*Problem to solve*. An exact copy of the listing below is required, minus its pictures.

*Exercise data*.
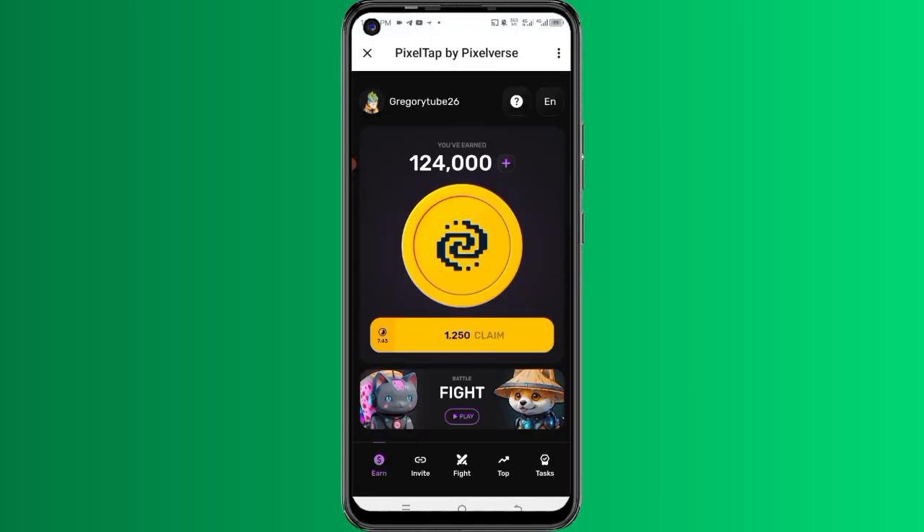When you tap on it, you are going to be directed to the interface. You can see that I have 124,000 tokens here that I have already claimed. If I continue tapping on this button on my screen, the more I tap, the more free tokens I earn. Remember, on 30th June 2024 you can claim it because that is when it launches, and anyone who has tokens — any amount — can exchange them for real money. The more you tap, the more you earn.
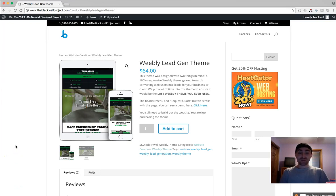Hey everyone, this is Michael Blackwell. I want to share with you guys today a new product that we're releasing — it is our custom weekly lead generation theme. This theme has been created specifically for the SEO world, or people that have gone through my education system. This is the last Weebly theme we believe you're ever going to need.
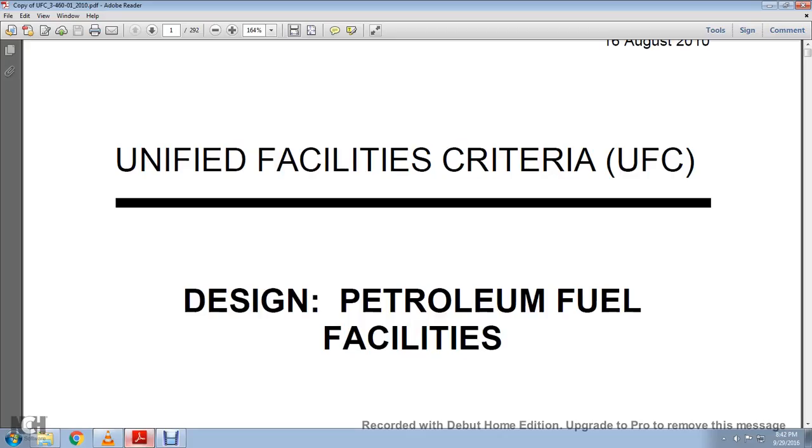Unified Facility Criteria, UFC. Design, Patrolling, Fuel Facilities. Chapter 11, Support Facilities.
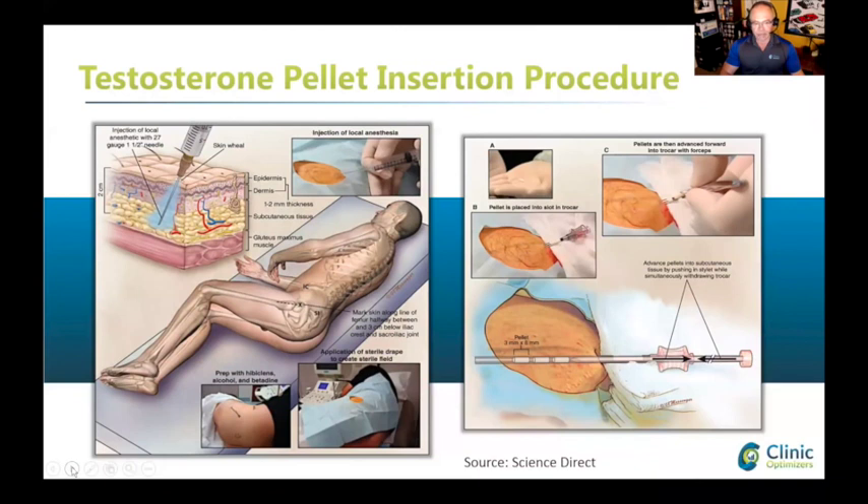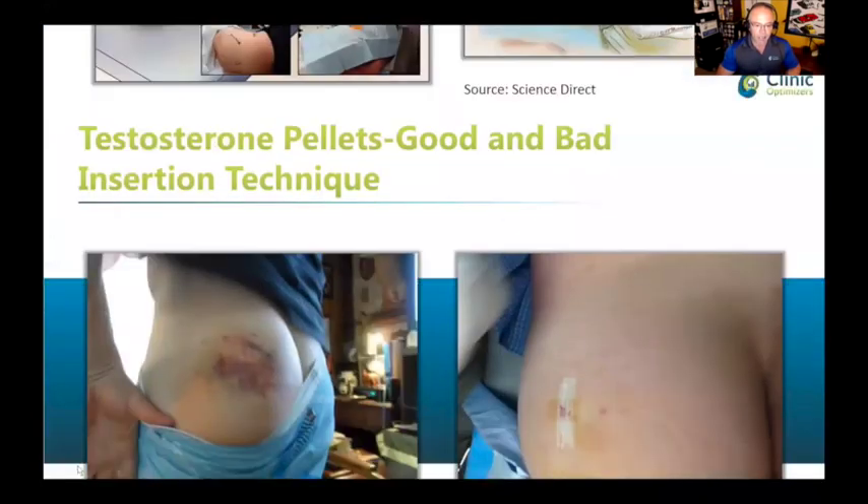I'm not going to go through all the details on the insertion procedure, but basically it's right here by the upper glutes. They insert the pellets with a trocar and forceps, and push a few of them in. I've actually gotten this done myself, and it wasn't painful at all — you don't feel them. They feel like little tiny rice pellets under your skin, and they dissolve slowly with time. You don't even know they're there, though I've seen cases where others are not as lucky.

*Result of the exercise*.
When you tap on it, you are going to be directed to the interface. You can see that I have 124,000 tokens here that I have already claimed. If I continue tapping on this button on my screen, the more I tap, the more free tokens I earn. Remember, on 30th June 2024 you can claim it because that is when it launches, and anyone who has tokens — any amount — can exchange them for real money. The more you tap, the more you earn.
Hey everyone, this is Michael Blackwell. I want to share with you guys today a new product that we're releasing — it is our custom weekly lead generation theme. This theme has been created specifically for the SEO world, or people that have gone through my education system. This is the last Weebly theme we believe you're ever going to need.
Unified Facility Criteria, UFC. Design, Patrolling, Fuel Facilities. Chapter 11, Support Facilities.
I'm not going to go through all the details on the insertion procedure, but basically it's right here by the upper glutes. They insert the pellets with a trocar and forceps, and push a few of them in. I've actually gotten this done myself, and it wasn't painful at all — you don't feel them. They feel like little tiny rice pellets under your skin, and they dissolve slowly with time. You don't even know they're there, though I've seen cases where others are not as lucky.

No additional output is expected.